Well this week I, yet again, convinced myself it was time to go on a diet. Usually when I do this I try, yet again, to do Weightwatchers. I did this successfully about ten years ago and kid myself that I can remember how to do, and can apply all the rules with self discipline without actually having to attend a meeting or pay any money again. I always give up by day three.
This time I bought a different book. It was cheap from The Book People and had that lovely looking lass from Channel Four on it, Anna Richardson. I remember watching a diet programme sometime with her in it that was quite sensible. All the usual stuff about healthy eating and moving about more. Of course I know all the basics behind this already but I do like a new book especially if it’s going to give me new recipes to follow and keep me in check.
Then I opened the book and skipped to the “Rules”. I read them, was horrified and closed the book again. This was clearly not the book that went with the programme. There was no way I could start this diet on any normal day. I had to wait until I had no-one to see socially, was not on holiday and was no-where where I might have to buy food or drink. I put the book away while I went on holiday, ate ice cream, got drunk and had a barbeque.
But you see I’d paid for the book. If you’ve already paid you kind of feel you ought to give it a stab. So I did my online food shopping with the diet in mind. It included food I don’t usually eat which is never a good idea. But I stocked my cupboards with it and didn’t buy the diet things I usually buy like jaffa cakes.
So in case you are interested here are the rules and how I got on:
Oh seriously this is not a good start. No bread, bagels, pasta and no I shouldn’t go and buy the wheat free versions either. This leaves me with porridge oats, rice and potatoes as carbs. Oh and rye bread. Dear lord I hate rye bread. And I can eat almost anything. Of course I convinced myself it would be fine and bought it. It’s not it’s hideous and I won’t be convinced otherwise. By day two I had eaten a bagel.

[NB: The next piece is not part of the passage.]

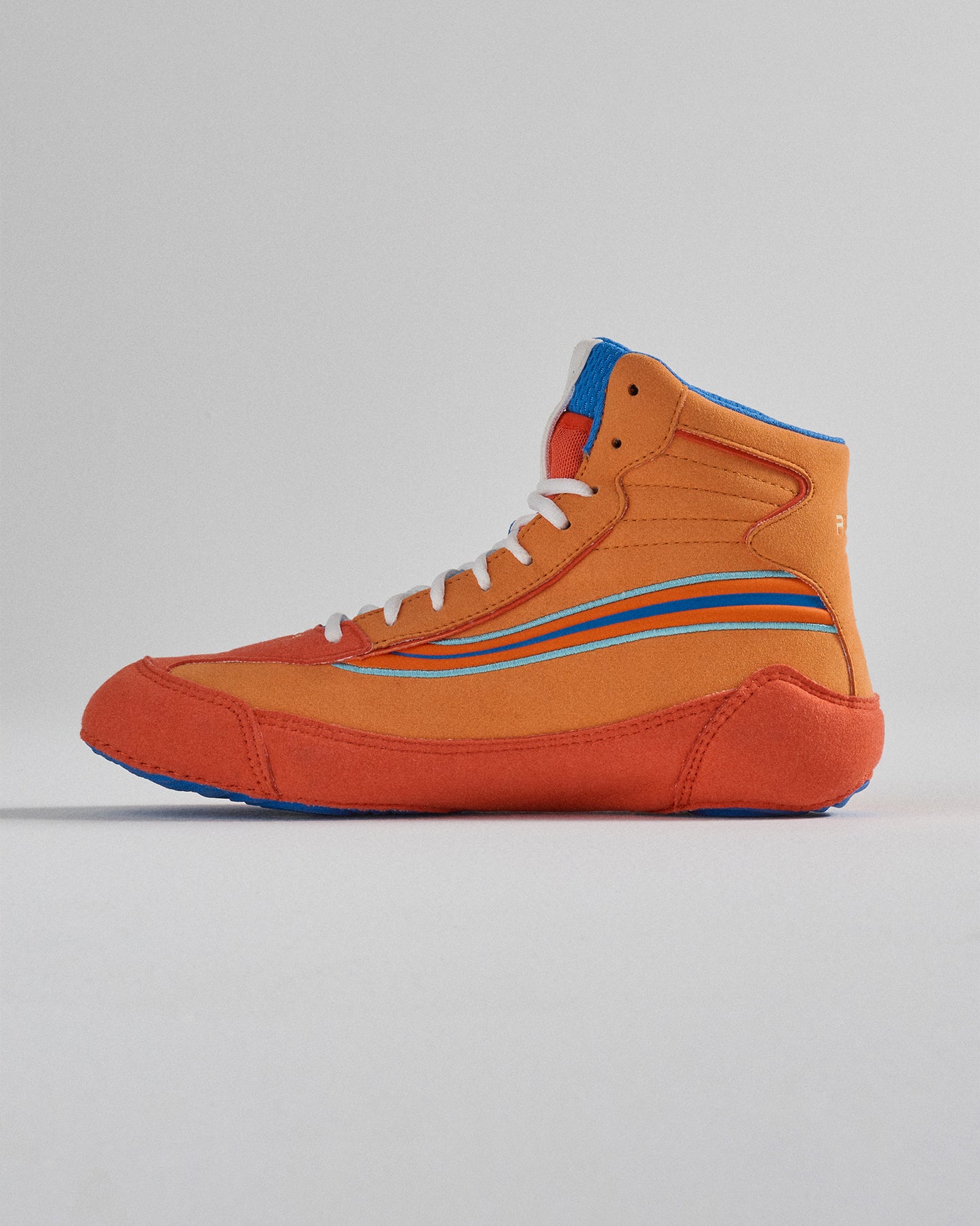 A vibrant orange high-top sneaker with blue and white accents designed for a retro yet modern appeal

Ok so I can see why giving up cheese would help, especially me who can’t say no once I’ve hacked a corner off the mature cheddar I’m making into someone else’s sandwich. No full fat dairy, fair enough, but only a small hot drinks milk allowance leaves me making my porridge with water. Ugh.
Yeah yeah I can do this. Oh no I can’t. I’m a sugar addict. Yes I need to cut down, but cut it out and by 3pm on the first day I was shouting, crying and trying to beg for chocolate buttons from my children. God did I need a jaffa cake.
NO CARBS AFTER SIX
We eat at 5.30 so I was hoping I could get away with this, but she expects normal people to eat later and essentially means no carbs in your evening meal. I had potatoes on the first evening. It went downhill from there.
NO ALCOHOL FOR TWO WEEKS
Erm, equally not drinking alcohol not exactly one of my strong points. I bought non alcoholic lager and drank one on the first night. Then I realised it was made of wheat. Bugger. Then I ate two digestives biscuits…because essentially if I hadn’t I’d have hit Paul with the swimming woggle I found lying around in the living room. I’ve done two and half days now without real alcohol…but it’s nearly Friday night.
I am sure I’m not supposed to allow myself to be hungry but no wheat, no dairy and no sugar does that to me, whatever rice cake nonsense you replace it with. I am clearly “not ready to diet”. Well not this one anyway. Where did I put those weightwatchers recipe books? Oh well I’ll start again on Monday.